Third place went to Beryl Paterson and Jackie Broughton with 79. The rest of the field they played a nett competition with the “young chicks” taking first & second: Sharon Wiggins with nett 70 and a 72 for Andrea Deadman, followed by Jill Lloyd with 75 taking third place.
The raffle was shared between Christine Oakes and Colleen Tillson.
Saturday Women’s Golf
It’s the anecdotes on the 19th hole that whet the appetite, where women regale the funniest, the surprising and the ‘if-onlys’. And it goes without saying the ‘best of the field’ is most befitting of the cheeriest.
An ever so self-effacing Elaine Johnstone with 40 Stablefords, four ahead of Chris Thomson and five more than Charlene Wilson was an outright winner on the day.

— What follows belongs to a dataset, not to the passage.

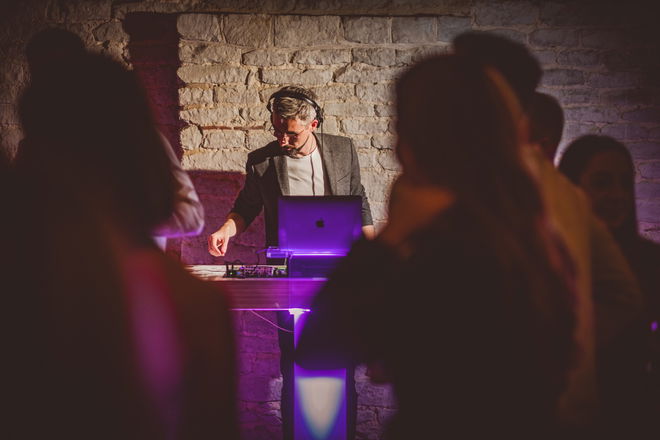 Callum Kelly - Wedding & Party DJs from Hampshire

It is envisaged that Elaine’s consistency in playing most of her
shots on the fairway significantly increased her loyalty account. Neither Chris nor Charlene at second and third could put their noses up at also earning a sizable cache. Although sorry is supposedly obliterated from golfers’ vocabulary, Yvonne Raureti-Carson would be justified in apologising to her partner, Carmel Hopkins for missing short putts, seeing balls come to rest at the base of trees and losing a ball to miss the cut for the Nancy McCormick foursomes. But overall, the champs are accorded to all the players whose jocularity compensate for ‘a good walk spoilt’.